### Directions for this task
Print the data below exactly, but only the lines from the one containing "RENAULT MEGANE en Minoautos" down to the one containing "Honeywell PWA51305785-100: Advanced", inclusive.

### Records supplied
*** Block opens ***
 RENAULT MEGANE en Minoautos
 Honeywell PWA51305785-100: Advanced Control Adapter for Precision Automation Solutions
*** Block closes ***
*** Block opens ***
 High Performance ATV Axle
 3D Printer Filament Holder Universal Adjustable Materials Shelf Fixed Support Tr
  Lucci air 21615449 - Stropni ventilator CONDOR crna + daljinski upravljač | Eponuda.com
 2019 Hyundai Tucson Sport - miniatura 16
*** Block closes ***
### Finished task
 RENAULT MEGANE en Minoautos
 Honeywell PWA51305785-100: Advanced Control Adapter for Precision Automation Solutions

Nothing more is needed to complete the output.